La fin ouverte de Derrière la Porte Verte laisse le goût du fantasme persister. La scène la plus probablement mémorable, puisqu'il faut en parler, est celle de l'éjaculation externe et faciale, figure incontournable qui est au X ce qu'est l'explosion au blockbuster moderne ou le jet de sang au gore. C'est un rituel esthétique, paroxysmique de domination masculine pour signifier le plaisir de l'Homme, sa victoire sur la Femme. Mais c'est aussi un constat d'impuissance face au mystère de la Femme, puisque si la jouissance féminine est facilement feinte à l'écran (oui ou non ?), le plaisir masculin doit pouvoir s'incarner, la preuve par l'image. A l'énigme féminine, la grammaire pornographique propose donc la réponse la plus triviale. Ainsi, heureux ceux qui croient après avoir vu. Les Mitchell trouvent ici le moyen de ridiculiser et célébrer ce cliché du X dans une séquence devant beaucoup au cinéma underground : ralentis (qui confèrent au pénis une vie propre, distincte de celle de son propriétaire), solarisation, hommage à Jackson Pollock, filtres et surimpression subliment la satisfaction masculine (ah, la petite mort !) tout en créant une distanciation assez ironique qui renvoie l'Homme à sa tanière. L'extase mâle tout en feux d'artifice n'est qu'une idée, une coupe imbuvable. Un "truc de mecs", pour parler crûment. Le "narrateur" enlève ensuite sa sabine Marilyn sur scène. Le cuisinier lui demande ce qui s'est passé après et s'entend répondre que "cela est une autre histoire". Le narrateur reprend sa voiture et visualise l'Acte (abstrait) avec Marilyn. Cela est-il vraiment arrivé ? Quelle est la part de vrai et de fantasmé ? Si le narrateur a effectivement assisté à cette orgie, l'a-t-il fait avec Marilyn ? Le film ne répond pas : la seule certitude est que l'image de Marilyn – réelle ou non - obsède l'imagination du narrateur.
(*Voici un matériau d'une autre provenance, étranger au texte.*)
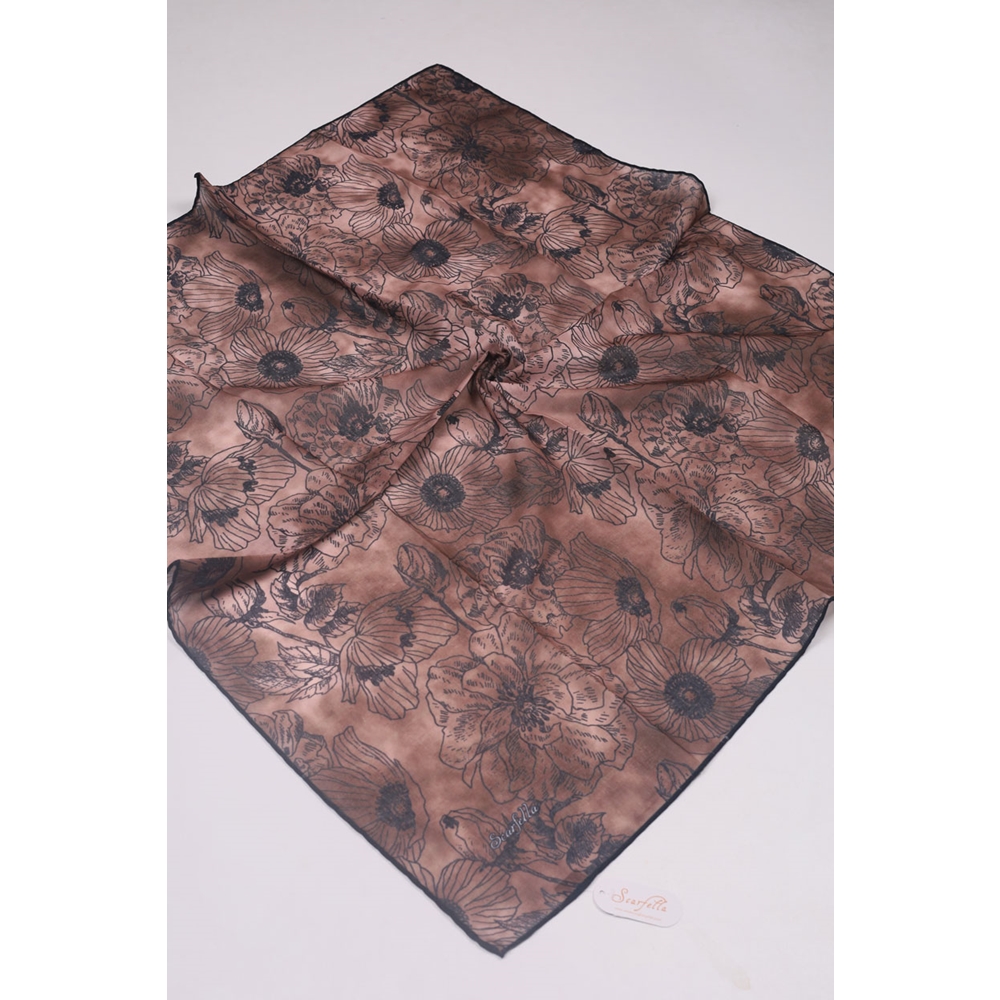 Scarfella Soft El Dikişli Eylül Eşarp - Desen-75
On notera cependant qu'à la suite de ce coït rêvé ou non, le "narrateur" n'apporte pas la preuve de la jouissance inhérente au genre : il n'éjacule pas. De là à penser qu'il n'a pas "conclu"… après tout quelle importance, tant qu'il a raconté la chose.

Derrière la Porte verte est donc un film important pour le genre pornographique parce qu'il dit pratiquement déjà tout sur le X dès les années 70. Le charme de Miss Chambers et une patine années 70 (la musique et un certain discours hédoniste New Age typiquement californien, où "l'énergie du bien-être monte des pieds", dixit un personnage) délicieuse tirent le film, distancié et excitant, vers le haut et vers un mystère autrement plus trouble que l'obsession contemporaine de transparence sexuelle.

Ces lignes sont bien sûr dédiées à une autre Marilyn… Mademoiselle Jess.